**TASK DESCRIPTION**: Please keep to the lines below from the one with "Borse a spalla" through the one with "Fashion XL Large", and restate them word for word, ends included.

**RECORDS FOR THIS EXERCISE**:

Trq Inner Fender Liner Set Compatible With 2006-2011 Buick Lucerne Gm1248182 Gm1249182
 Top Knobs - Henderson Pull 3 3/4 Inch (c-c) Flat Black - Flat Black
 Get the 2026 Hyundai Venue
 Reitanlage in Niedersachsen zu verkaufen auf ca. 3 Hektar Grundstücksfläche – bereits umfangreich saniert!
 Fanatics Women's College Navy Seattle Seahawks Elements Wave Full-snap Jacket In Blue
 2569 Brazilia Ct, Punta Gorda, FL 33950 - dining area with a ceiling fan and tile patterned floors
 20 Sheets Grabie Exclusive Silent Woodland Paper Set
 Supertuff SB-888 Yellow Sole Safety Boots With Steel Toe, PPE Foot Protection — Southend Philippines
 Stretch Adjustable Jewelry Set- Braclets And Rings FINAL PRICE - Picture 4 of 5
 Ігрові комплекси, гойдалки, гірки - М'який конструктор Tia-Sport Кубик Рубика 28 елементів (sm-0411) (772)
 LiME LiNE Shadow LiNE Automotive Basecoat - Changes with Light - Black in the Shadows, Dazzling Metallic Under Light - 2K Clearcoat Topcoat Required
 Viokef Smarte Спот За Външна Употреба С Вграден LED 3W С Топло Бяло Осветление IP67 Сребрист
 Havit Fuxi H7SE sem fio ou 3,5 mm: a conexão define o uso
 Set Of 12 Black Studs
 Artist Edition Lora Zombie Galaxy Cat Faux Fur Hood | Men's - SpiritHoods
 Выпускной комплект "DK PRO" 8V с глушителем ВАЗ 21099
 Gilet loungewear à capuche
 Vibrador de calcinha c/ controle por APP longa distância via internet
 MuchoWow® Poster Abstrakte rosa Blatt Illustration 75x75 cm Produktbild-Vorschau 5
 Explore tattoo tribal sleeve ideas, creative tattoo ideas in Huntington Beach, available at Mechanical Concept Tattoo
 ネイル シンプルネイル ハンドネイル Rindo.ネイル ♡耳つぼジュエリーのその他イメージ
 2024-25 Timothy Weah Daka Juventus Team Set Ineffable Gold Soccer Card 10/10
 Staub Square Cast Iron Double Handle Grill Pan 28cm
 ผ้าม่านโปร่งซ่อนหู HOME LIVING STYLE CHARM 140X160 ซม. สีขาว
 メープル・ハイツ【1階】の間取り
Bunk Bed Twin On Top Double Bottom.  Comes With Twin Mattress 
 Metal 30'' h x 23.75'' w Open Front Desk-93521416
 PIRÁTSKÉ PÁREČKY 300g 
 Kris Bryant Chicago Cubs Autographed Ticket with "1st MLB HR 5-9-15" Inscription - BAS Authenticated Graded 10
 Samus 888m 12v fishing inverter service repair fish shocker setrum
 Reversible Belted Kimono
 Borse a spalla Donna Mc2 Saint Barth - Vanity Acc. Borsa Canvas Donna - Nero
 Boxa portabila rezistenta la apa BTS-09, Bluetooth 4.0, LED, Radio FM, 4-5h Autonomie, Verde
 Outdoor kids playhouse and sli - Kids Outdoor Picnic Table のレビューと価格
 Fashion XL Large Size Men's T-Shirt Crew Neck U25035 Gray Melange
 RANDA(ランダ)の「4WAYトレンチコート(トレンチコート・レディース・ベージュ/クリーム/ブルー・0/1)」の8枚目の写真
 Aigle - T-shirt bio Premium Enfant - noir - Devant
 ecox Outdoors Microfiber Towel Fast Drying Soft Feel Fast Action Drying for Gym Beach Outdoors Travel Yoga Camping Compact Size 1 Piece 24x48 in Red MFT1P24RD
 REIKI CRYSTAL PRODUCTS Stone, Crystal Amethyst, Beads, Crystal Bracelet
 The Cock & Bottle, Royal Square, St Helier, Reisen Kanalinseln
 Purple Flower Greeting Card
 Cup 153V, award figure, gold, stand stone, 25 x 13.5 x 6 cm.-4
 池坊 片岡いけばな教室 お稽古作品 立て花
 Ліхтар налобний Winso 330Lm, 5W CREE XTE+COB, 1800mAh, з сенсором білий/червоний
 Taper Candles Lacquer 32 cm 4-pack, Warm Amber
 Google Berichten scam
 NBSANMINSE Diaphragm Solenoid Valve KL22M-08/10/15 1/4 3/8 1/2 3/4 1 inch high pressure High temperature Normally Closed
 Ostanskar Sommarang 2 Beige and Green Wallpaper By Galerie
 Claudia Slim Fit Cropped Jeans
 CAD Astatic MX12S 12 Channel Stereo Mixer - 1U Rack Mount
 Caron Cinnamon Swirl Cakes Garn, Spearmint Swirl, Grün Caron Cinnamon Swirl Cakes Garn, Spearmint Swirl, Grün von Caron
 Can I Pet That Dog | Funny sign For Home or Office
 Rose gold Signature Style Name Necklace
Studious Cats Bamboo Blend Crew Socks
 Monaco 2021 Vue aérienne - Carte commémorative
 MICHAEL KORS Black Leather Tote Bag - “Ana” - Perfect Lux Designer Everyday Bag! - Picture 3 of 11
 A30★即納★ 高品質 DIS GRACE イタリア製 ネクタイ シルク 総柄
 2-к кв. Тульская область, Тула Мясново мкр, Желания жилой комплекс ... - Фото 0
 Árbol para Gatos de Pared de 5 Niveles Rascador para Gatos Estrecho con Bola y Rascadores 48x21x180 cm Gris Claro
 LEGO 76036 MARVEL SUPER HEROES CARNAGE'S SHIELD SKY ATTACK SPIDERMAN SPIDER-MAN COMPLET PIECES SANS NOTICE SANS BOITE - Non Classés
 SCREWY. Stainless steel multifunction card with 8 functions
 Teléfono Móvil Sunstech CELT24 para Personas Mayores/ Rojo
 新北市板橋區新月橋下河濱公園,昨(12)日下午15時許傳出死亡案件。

**ANSWER TO THIS EXERCISE**:
 Borse a spalla Donna Mc2 Saint Barth - Vanity Acc. Borsa Canvas Donna - Nero
 Boxa portabila rezistenta la apa BTS-09, Bluetooth 4.0, LED, Radio FM, 4-5h Autonomie, Verde
 Outdoor kids playhouse and sli - Kids Outdoor Picnic Table のレビューと価格
 Fashion XL Large Size Men's T-Shirt Crew Neck U25035 Gray Melange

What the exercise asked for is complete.